Prompt
From the entries below, reproduce exactly the line containing "Hygis Home Of", the line containing "Dolomite 54 High", and every line in between, with nothing added.

Records
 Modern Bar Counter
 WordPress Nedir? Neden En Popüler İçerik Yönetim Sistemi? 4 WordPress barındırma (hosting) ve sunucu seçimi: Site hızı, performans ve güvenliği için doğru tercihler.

---

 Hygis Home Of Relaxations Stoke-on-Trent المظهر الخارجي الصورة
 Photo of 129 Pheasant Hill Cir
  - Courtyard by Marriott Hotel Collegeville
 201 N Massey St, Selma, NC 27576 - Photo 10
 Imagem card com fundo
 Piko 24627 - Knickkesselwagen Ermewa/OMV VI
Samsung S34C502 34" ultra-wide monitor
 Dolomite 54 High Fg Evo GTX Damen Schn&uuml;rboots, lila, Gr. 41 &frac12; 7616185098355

Answer space
 Hygis Home Of Relaxations Stoke-on-Trent المظهر الخارجي الصورة
 Photo of 129 Pheasant Hill Cir
  - Courtyard by Marriott Hotel Collegeville
 201 N Massey St, Selma, NC 27576 - Photo 10
 Imagem card com fundo
 Piko 24627 - Knickkesselwagen Ermewa/OMV VI
Samsung S34C502 34" ultra-wide monitor
 Dolomite 54 High Fg Evo GTX Damen Schn&uuml;rboots, lila, Gr. 41 &frac12; 7616185098355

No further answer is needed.